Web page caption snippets
____________________

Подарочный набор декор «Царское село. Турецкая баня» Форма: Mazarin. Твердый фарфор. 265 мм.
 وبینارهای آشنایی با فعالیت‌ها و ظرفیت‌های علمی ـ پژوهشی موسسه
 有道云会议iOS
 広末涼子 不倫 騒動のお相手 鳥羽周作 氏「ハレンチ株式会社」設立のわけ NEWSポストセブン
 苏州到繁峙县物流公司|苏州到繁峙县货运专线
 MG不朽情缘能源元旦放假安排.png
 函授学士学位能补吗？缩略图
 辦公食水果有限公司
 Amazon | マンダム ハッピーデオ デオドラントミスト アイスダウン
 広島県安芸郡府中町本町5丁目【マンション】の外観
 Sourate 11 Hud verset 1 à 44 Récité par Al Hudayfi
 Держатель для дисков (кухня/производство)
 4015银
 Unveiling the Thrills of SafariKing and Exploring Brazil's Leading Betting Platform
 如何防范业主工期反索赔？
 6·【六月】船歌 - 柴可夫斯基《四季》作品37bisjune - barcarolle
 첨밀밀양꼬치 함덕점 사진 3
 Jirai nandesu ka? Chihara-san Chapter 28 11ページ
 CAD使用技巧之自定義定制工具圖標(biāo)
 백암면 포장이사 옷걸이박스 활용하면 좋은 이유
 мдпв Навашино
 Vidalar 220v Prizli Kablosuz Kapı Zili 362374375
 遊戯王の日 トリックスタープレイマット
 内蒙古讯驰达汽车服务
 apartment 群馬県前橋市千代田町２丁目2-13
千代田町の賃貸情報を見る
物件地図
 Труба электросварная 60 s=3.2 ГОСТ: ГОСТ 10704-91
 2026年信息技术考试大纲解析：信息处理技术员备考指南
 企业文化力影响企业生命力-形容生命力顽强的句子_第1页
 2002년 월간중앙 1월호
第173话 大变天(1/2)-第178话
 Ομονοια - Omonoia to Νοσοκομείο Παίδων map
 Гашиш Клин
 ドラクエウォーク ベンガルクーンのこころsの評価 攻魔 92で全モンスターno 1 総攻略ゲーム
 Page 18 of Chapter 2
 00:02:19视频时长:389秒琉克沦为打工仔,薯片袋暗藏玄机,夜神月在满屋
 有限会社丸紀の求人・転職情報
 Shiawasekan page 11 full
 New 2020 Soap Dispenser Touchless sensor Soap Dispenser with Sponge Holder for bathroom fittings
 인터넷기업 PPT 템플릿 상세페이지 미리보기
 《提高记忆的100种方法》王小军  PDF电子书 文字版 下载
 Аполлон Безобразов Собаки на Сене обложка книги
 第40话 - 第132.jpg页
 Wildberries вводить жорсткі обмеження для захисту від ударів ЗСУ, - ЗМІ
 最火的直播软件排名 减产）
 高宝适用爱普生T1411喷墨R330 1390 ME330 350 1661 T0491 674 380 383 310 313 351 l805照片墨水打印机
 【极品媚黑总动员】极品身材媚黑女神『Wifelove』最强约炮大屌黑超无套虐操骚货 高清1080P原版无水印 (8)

____________________

- [Your goal]:
Output the records exactly, including every line.

- [Answer space]:
Подарочный набор декор «Царское село. Турецкая баня» Форма: Mazarin. Твердый фарфор. 265 мм.
 وبینارهای آشنایی با فعالیت‌ها و ظرفیت‌های علمی ـ پژوهشی موسسه
 有道云会议iOS
 広末涼子 不倫 騒動のお相手 鳥羽周作 氏「ハレンチ株式会社」設立のわけ NEWSポストセブン
 苏州到繁峙县物流公司|苏州到繁峙县货运专线
 MG不朽情缘能源元旦放假安排.png
 函授学士学位能补吗？缩略图
 辦公食水果有限公司
 Amazon | マンダム ハッピーデオ デオドラントミスト アイスダウン
 広島県安芸郡府中町本町5丁目【マンション】の外観
 Sourate 11 Hud verset 1 à 44 Récité par Al Hudayfi
 Держатель для дисков (кухня/производство)
 4015银
 Unveiling the Thrills of SafariKing and Exploring Brazil's Leading Betting Platform
 如何防范业主工期反索赔？
 6·【六月】船歌 - 柴可夫斯基《四季》作品37bisjune - barcarolle
 첨밀밀양꼬치 함덕점 사진 3
 Jirai nandesu ka? Chihara-san Chapter 28 11ページ
 CAD使用技巧之自定義定制工具圖標(biāo)
 백암면 포장이사 옷걸이박스 활용하면 좋은 이유
 мдпв Навашино
 Vidalar 220v Prizli Kablosuz Kapı Zili 362374375
 遊戯王の日 トリックスタープレイマット
 内蒙古讯驰达汽车服务
 apartment 群馬県前橋市千代田町２丁目2-13
千代田町の賃貸情報を見る
物件地図
 Труба электросварная 60 s=3.2 ГОСТ: ГОСТ 10704-91
 2026年信息技术考试大纲解析：信息处理技术员备考指南
 企业文化力影响企业生命力-形容生命力顽强的句子_第1页
 2002년 월간중앙 1월호
第173话 大变天(1/2)-第178话
 Ομονοια - Omonoia to Νοσοκομείο Παίδων map
 Гашиш Клин
 ドラクエウォーク ベンガルクーンのこころsの評価 攻魔 92で全モンスターno 1 総攻略ゲーム
 Page 18 of Chapter 2
 00:02:19视频时长:389秒琉克沦为打工仔,薯片袋暗藏玄机,夜神月在满屋
 有限会社丸紀の求人・転職情報
 Shiawasekan page 11 full
 New 2020 Soap Dispenser Touchless sensor Soap Dispenser with Sponge Holder for bathroom fittings
 인터넷기업 PPT 템플릿 상세페이지 미리보기
 《提高记忆的100种方法》王小军  PDF电子书 文字版 下载
 Аполлон Безобразов Собаки на Сене обложка книги
 第40话 - 第132.jpg页
 Wildberries вводить жорсткі обмеження для захисту від ударів ЗСУ, - ЗМІ
 最火的直播软件排名 减产）
 高宝适用爱普生T1411喷墨R330 1390 ME330 350 1661 T0491 674 380 383 310 313 351 l805照片墨水打印机
 【极品媚黑总动员】极品身材媚黑女神『Wifelove』最强约炮大屌黑超无套虐操骚货 高清1080P原版无水印 (8)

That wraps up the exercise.